§ WORK REQUIRED: From the listing below, restate word for word the lines from the line containing "top capillary watering mats" down through the line containing "Bed & Breakfast Studioarcodia". Exclude pictures.

§ DATA IN THIS EXERCISE:
----
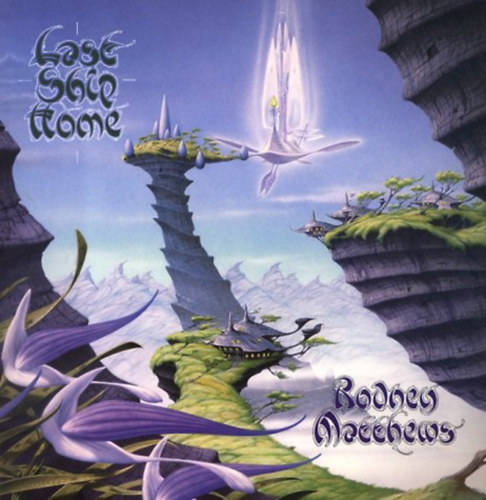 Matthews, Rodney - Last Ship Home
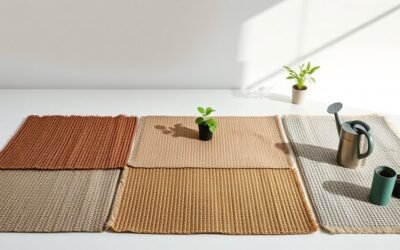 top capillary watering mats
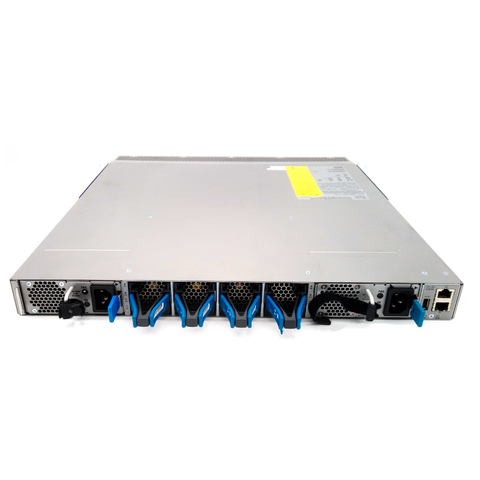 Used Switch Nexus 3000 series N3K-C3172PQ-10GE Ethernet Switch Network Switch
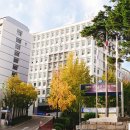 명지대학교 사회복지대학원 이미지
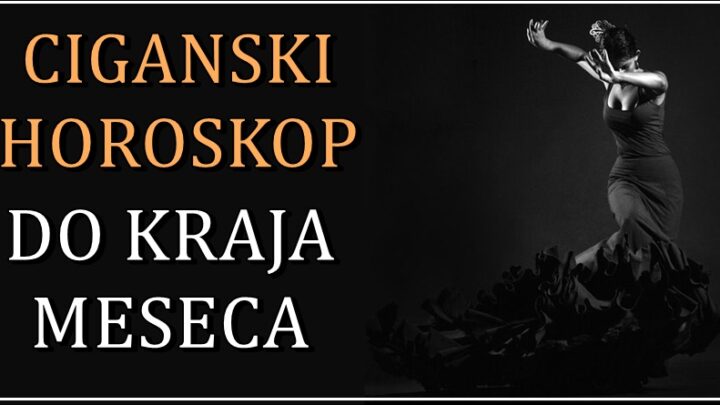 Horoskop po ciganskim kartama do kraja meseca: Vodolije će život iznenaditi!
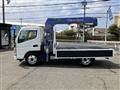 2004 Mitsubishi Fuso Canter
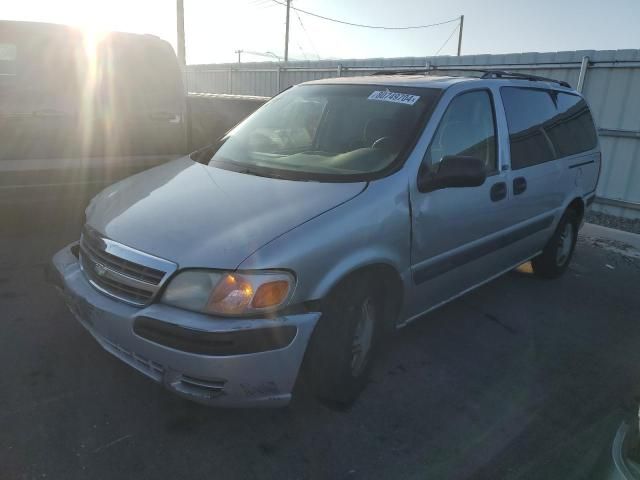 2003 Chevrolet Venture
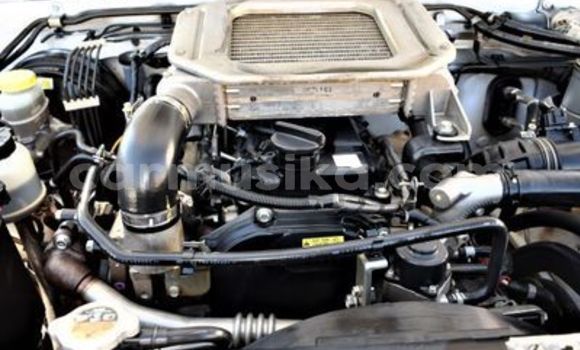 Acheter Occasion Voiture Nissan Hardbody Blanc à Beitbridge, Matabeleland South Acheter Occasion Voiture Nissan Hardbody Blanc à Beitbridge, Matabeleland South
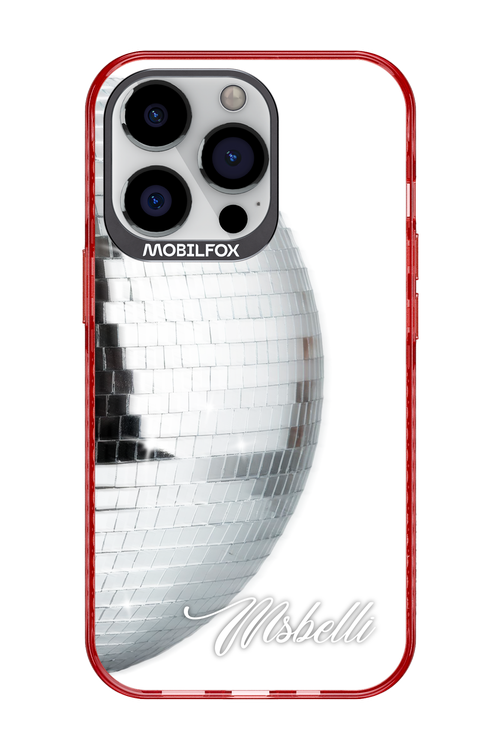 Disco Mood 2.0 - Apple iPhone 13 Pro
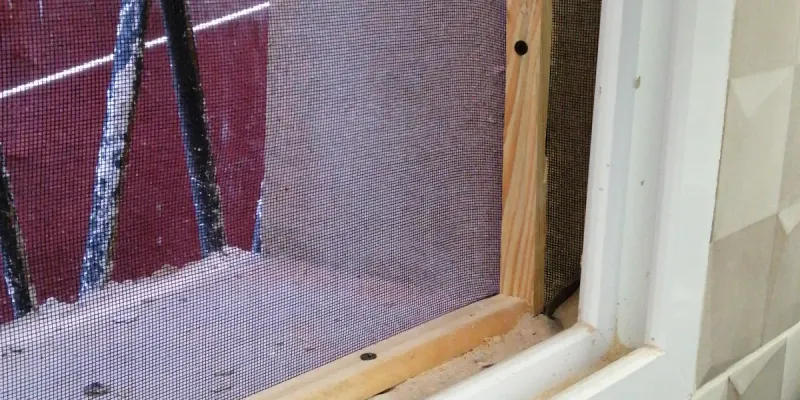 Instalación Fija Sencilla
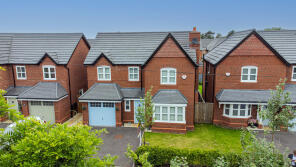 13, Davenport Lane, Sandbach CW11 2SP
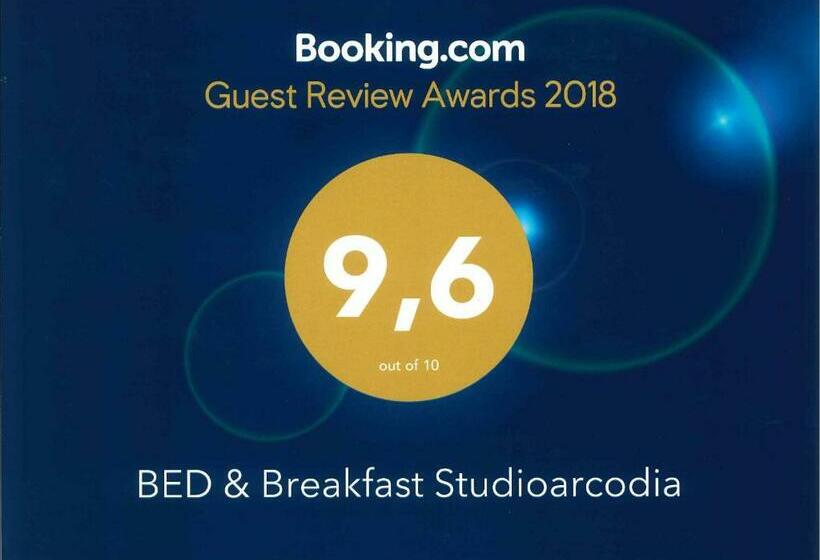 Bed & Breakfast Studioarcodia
----
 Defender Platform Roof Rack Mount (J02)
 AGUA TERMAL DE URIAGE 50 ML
----
§ ANSWER SECTION:
 top capillary watering mats
 Used Switch Nexus 3000 series N3K-C3172PQ-10GE Ethernet Switch Network Switch
 명지대학교 사회복지대학원 이미지
 Horoskop po ciganskim kartama do kraja meseca: Vodolije će život iznenaditi!
 2004 Mitsubishi Fuso Canter
 2003 Chevrolet Venture
 Acheter Occasion Voiture Nissan Hardbody Blanc à Beitbridge, Matabeleland South Acheter Occasion Voiture Nissan Hardbody Blanc à Beitbridge, Matabeleland South
 Disco Mood 2.0 - Apple iPhone 13 Pro
 Instalación Fija Sencilla
 13, Davenport Lane, Sandbach CW11 2SP
 Bed & Breakfast Studioarcodia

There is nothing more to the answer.